Russia’s economy is doing better than expected but it still faces dangers and “crisis phenomena”, the head of the Central Bank said on 4 June, acknowledging the impact of “external factors”.

Elvira Nabiullina file photo“Current figures for the economy have proven better than economists expected but it is early to say that all the crisis phenomena have passed,” Elvira Nabiullina told a banking conference, as reported by Interfax news agency. “The risks have softened but they are the same and we have to be aware of them.”

She identified those risks as long-term structural limitations within the economy, which have been joined by “cyclical recessionary factors caused by acute changes in the external environment”.

The financial system and balance of payments have adapted to the “new conditions” but that does not apply to the economy as a whole, Nabiullina said. “External factors remain fairly unfavourable.

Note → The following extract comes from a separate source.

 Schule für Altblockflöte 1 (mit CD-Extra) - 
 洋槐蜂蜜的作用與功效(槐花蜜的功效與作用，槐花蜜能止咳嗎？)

Oil prices have gone up but even if they settle as the current level they will be one-third lower than the average for the past five years,” she told the conference. “On top of that, prices for other traditional Russian export products are going down.”

It will take time to adapt the economy to the new conditions and restore sustainable growth, and this “will depend on the external environment changing but more than that on the rate of structural reform”, she said. The positive scenario would be larger processing and service sectors with higher productivity, while the negative scenario would be the oil price stabilizing and the economy retaining its old structure with low productivity and growth of 1 to 2 per cent.

“Both scenarios are possible,” she said, but the Central Bank will use its monetary-policy and regulatory powers to encourage the positive one.